La ética pública es un tema permanente, que hoy aparece reforzado ante el deprimente espectáculo que ofrecen todos los días a los ciudadanos algunos de sus representantes públicos. Nuestra cultura ciertamente es peculiar, porque así como en Estados Unidos con motivo del Watergate en 1978 se planteó una gran discusión social sobre el tema, en España la participación de los primeros estadistas del país en crímenes de estado, el obsceno saqueo por parte de los poderosos de las arcas públicas o la flagrante vulneración de las leyes por los propios legisladores no conduce más que a la charla de bar o el exabrupto callejero. Últimamente, eso sí, se han producido ciertos movimientos sociales, muy marginales pero con gran repercusión mediática, que han dado un soplo de aire fresco a nuestra desvirtuada democracia.

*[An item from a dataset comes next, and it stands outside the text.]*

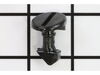 Hood Retainer - RightBlack – Part Number: 440001509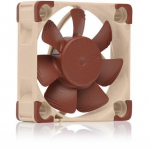 Noctua NF A4x10 PWM Computer case Fan 4 cm Beige, Red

La ética pública, a mi juicio, se relaciona con la búsqueda proactiva del bien común, con el respeto a las personas y con la capacidad de gestionar lo que es de todos. Ello obliga a la presencia de valores como la integridad, la eficiencia, la responsabilidad, la objetividad, la transparencia, la honestidad y la sensibilidad ante el sufrimiento de los ciudadanos sin los que su existencia social carecería de sentido (en la isla de Robinson Crusoe no hay política ni bien público, no hay vida social). Los responsables públicos no deben solamente practicar estos principios, sino apoyarlos, protegerlos y fomentarlos con su liderazgo y su ejemplo. En la vida real, sin embargo, nos encontramos con la falta de valores, el individualismo feroz, el ejercicio de la autoridad por parte de los expertos con poder, el egoísmo, la falta de de control y de transparencia sobre lo que es de todos, la frecuente externalización de servicios en el sector público y la desmoralización de los ciudadanos.

No creo que esté de más decir que en lo referente a lo público solo se deben aceptar méritos objetivos en el currículum (objetividad), que los decisores sobre las cosas de interés común tienen responsabilidad moral, antes que jurídica, sobre sus actos, que en todas y cada una de las actuaciones que afectan a los ciudadanos (salvo casos extremos) la transparencia es ley natural; pero yo creo que estas cosas tan obvias son las que más es necesario airear.

La tan cacareada reforma administrativa que necesita nuestro país no será posible sin un cambio político en profundidad y ello solo será posible tras una batalla (democrática, espero) en la que haya ganadores y perdedores, conflictos y luchas de intereses. Yo estoy dispuesto a pelearlo, ¿y tú?